Exercise instructions: Below are records; say how many of their lines include the word "Black", giving nothing but the number.

Working data:
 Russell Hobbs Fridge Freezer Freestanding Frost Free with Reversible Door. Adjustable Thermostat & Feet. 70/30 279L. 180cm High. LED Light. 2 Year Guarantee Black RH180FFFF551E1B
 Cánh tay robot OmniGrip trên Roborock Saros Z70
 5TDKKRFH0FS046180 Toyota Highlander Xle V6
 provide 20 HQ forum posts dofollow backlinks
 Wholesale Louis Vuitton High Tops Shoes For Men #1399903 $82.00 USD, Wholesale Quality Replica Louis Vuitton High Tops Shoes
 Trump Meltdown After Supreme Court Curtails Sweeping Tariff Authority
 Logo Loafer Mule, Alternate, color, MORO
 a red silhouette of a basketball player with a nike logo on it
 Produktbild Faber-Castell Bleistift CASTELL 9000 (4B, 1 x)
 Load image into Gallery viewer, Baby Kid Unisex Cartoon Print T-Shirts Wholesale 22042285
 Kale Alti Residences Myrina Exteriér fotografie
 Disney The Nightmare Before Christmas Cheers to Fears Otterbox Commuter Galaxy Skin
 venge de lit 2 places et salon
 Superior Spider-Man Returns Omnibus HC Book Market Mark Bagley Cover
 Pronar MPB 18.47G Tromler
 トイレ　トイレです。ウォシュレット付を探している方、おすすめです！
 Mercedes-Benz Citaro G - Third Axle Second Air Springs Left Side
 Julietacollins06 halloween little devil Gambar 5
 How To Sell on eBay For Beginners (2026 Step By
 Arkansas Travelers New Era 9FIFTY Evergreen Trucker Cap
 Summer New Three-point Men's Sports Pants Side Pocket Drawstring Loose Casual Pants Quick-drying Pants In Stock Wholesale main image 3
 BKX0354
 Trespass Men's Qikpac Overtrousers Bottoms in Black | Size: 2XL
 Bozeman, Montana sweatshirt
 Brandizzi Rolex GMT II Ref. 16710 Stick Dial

Exercise answer: 2